• RECORDED DATA:
────────────────
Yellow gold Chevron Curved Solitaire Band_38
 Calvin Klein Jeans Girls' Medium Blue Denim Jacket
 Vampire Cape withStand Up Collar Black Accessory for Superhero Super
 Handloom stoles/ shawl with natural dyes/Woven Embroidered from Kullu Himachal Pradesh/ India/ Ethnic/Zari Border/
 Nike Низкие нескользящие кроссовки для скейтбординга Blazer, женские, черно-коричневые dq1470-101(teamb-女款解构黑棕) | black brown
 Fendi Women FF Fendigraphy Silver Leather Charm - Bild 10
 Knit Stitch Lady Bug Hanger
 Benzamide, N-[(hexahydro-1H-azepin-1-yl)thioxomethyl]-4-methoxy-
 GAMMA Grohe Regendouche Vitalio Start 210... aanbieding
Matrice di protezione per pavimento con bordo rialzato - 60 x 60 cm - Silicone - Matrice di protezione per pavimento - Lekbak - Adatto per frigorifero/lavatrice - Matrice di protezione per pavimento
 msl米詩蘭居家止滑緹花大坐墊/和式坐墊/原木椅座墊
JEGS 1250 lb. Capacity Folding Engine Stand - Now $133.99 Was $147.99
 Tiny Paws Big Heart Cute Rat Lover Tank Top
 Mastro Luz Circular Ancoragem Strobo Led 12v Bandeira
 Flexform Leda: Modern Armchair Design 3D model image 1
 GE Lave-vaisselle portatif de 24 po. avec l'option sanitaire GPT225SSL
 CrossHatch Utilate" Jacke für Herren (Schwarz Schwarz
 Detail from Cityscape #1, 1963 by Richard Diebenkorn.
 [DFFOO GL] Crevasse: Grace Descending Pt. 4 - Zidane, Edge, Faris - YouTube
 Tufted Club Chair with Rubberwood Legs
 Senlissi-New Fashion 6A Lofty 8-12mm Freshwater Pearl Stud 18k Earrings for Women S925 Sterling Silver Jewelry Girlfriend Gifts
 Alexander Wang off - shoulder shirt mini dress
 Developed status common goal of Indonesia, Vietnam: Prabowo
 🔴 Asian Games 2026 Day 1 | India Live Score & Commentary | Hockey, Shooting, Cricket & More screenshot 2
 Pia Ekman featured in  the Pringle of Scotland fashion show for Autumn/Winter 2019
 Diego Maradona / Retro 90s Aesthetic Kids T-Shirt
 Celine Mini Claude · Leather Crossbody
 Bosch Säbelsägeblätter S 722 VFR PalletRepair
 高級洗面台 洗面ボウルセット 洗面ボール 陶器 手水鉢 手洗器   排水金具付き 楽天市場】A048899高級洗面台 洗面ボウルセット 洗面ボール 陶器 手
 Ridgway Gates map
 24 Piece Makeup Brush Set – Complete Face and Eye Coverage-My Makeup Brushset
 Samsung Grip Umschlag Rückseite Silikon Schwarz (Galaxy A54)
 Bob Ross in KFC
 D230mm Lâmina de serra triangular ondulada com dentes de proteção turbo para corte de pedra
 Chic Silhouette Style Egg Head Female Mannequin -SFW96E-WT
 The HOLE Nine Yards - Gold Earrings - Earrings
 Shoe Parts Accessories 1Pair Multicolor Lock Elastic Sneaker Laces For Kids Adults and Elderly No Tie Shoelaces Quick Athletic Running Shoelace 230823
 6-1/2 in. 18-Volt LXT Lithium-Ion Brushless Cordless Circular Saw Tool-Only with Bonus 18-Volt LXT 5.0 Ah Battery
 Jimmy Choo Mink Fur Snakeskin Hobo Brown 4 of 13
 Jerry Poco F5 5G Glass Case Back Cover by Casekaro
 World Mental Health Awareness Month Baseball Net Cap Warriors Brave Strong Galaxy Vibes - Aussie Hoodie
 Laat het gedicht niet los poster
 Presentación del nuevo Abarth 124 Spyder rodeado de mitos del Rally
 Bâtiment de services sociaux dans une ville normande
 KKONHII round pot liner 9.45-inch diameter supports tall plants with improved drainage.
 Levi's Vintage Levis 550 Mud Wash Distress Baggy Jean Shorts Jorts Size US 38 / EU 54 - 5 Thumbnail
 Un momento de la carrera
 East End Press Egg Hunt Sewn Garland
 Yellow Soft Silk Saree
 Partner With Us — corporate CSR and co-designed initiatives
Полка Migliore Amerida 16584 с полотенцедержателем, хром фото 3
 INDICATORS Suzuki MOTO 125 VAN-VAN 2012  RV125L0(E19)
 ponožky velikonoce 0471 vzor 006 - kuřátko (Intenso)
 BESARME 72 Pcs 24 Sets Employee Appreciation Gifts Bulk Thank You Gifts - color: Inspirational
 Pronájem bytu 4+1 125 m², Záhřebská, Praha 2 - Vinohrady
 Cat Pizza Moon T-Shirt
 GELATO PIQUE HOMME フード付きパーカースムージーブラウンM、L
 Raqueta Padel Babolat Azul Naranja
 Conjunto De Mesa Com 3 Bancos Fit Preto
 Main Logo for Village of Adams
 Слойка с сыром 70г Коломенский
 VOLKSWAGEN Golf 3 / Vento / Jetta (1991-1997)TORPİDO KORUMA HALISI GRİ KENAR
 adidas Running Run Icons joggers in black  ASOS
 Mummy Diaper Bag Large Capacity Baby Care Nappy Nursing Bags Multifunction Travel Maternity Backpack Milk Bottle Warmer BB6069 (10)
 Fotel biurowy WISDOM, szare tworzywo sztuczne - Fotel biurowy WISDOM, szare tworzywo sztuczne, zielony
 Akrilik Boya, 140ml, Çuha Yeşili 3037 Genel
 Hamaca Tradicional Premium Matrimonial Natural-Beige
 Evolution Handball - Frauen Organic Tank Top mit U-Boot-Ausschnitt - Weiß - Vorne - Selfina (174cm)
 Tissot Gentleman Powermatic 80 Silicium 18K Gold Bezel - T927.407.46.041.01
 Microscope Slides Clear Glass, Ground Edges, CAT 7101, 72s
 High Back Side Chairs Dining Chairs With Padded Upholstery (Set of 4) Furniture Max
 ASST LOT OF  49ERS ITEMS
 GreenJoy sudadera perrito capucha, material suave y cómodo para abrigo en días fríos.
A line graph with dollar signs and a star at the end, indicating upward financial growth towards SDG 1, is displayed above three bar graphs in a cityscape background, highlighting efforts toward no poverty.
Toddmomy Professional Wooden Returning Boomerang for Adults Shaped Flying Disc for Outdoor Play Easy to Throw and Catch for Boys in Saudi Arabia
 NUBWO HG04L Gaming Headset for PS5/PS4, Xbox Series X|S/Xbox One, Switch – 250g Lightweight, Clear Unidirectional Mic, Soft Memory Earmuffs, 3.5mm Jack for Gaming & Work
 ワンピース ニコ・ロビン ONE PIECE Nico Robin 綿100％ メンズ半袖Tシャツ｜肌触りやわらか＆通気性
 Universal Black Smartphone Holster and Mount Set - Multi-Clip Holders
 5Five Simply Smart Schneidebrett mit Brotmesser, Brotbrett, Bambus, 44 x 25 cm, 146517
────────────────
Wherever "Yellow" appears in the listing, report the line it is on.

• TASK RESULT:
Yellow gold Chevron Curved Solitaire Band_38
 Yellow Soft Silk Saree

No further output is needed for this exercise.